Yulin Normal University (玉林师范学院 (Yùlín shīfàn xuéyuàn)) is a four-year, undergraduate and multidisciplinary university in Yulin, Guangxi, China.

==History==
Yulin Normal University began as Guangxi Yulin Normal School in 1945. In August 1958, the Guangxi Zhuang Autonomous Region's Department of Education recognized the school and upgraded it to Yulin Teachers College. In 1962 the school went through restructuring, and was resumed on December 28, 1978, by the State Council.

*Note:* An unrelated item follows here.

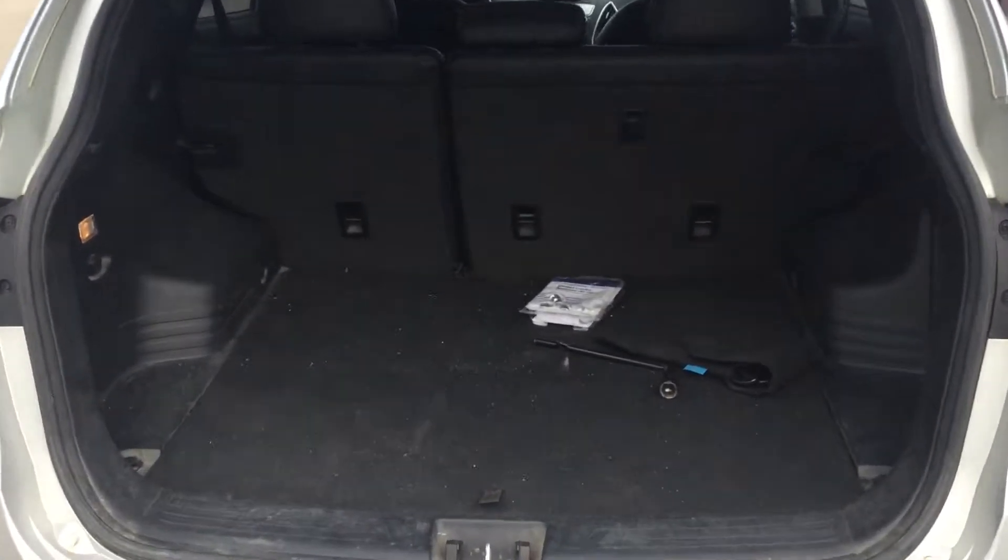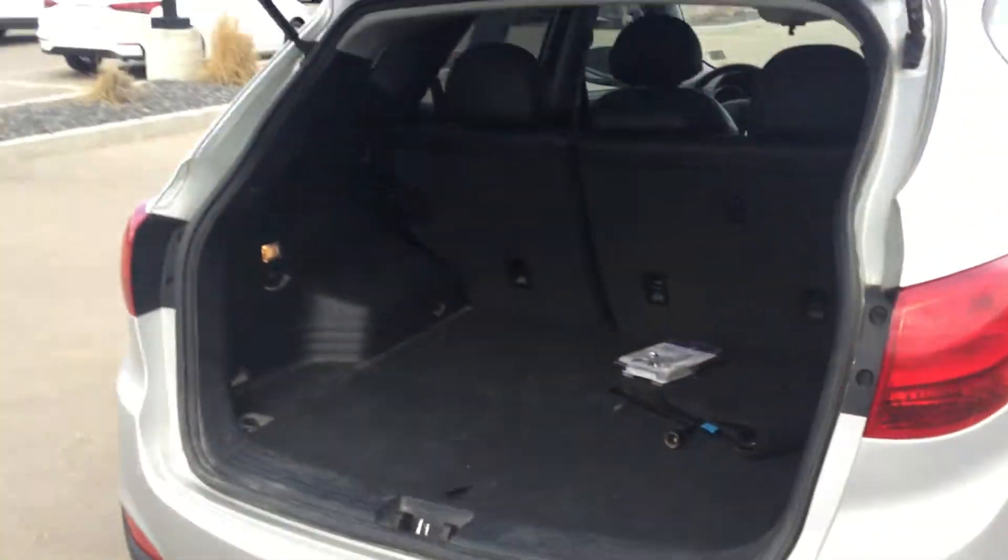Jumping into the back, you'll have no issue fitting any car seats or anybody else in the middle — you'll have tons of room in here. As well, there's still plenty of room in the back for any groceries or anything like that.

In March 2000, the Ministry of Education approved the merger of Yulin Teachers College with several other local colleges, creating Yulin Normal University.

==Size==
The university has two campuses. Enrollment is currently about 17,200, including about 12,000 full-time students and 5,200 higher education students. At present, the university has a staff of about 1000 people. The school has 13 departments that include 48 majors.

==Facilities==
The two campuses include a computer center, linguistic center, library, diet center, supermarket, bank, post office as well as multi-media classrooms.

==Athletics==
Indoor athletic facilities include two gymnasiums for basketball and volleyball.

Outdoor facilities include two 400m tracks, three soccer fields, a swimming pool, multiple basketball courts, as well as tennis and badminton courts.

==Departments==
Departments include Chinese Language and Literature,
Law and Policy,
Foreign Language,
Science Education,
Physical Education,
Arts Department,
Mathematics,
Computer Science,
Physics,
Information Technology,
Chemistry,
Biology, and
Polytechnics.

==International exchange==
Yulin Normal University has joint undergraduate programs with universities in Vietnam, and Thailand. It has employed foreign teachers from Great Britain, the United States, Australia, Japan, Sweden, South Korea, and Malaysia.